Records shown: Begin

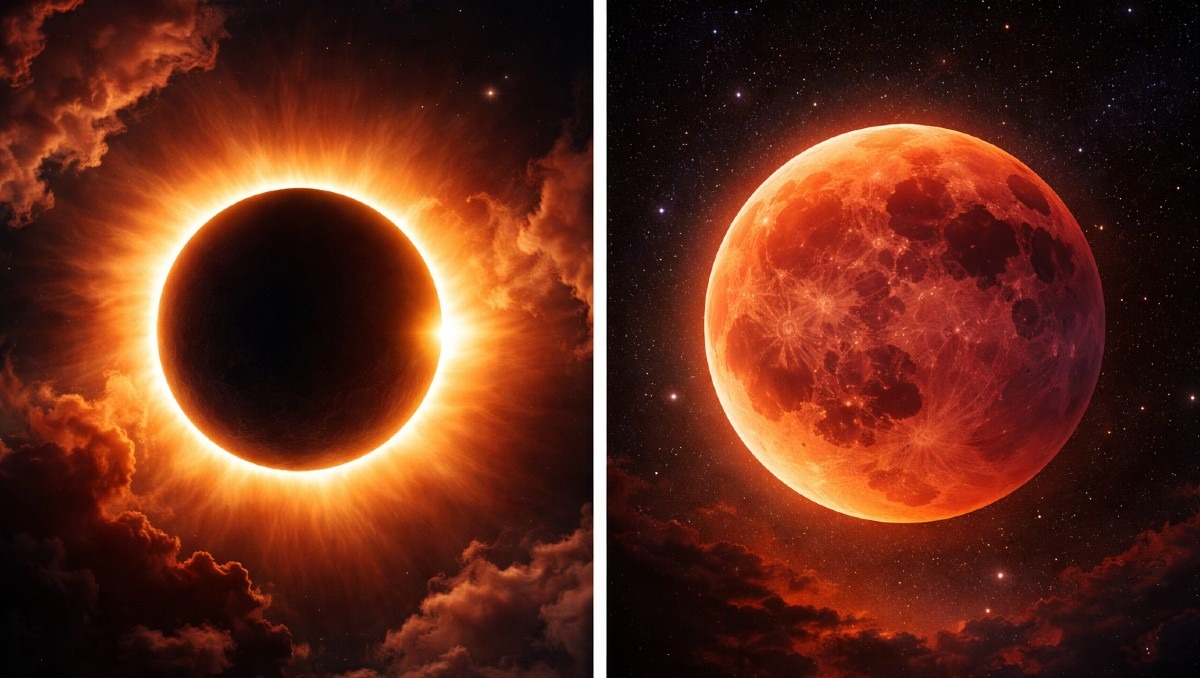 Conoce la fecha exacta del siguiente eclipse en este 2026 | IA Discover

Records shown: End
Records shown: Begin

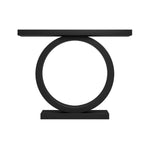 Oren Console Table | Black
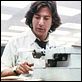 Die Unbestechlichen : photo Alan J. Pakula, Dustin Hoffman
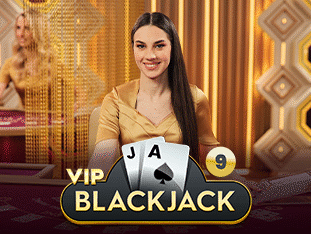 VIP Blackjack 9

Records shown: End

#### [Task goal]
Here the job is to copy the stretch of records from the line containing "Die Unbestechlichen : photo" through the line containing "VIP Blackjack 9", word for word. Leave every picture out.

#### [Answer box]
 Die Unbestechlichen : photo Alan J. Pakula, Dustin Hoffman
 VIP Blackjack 9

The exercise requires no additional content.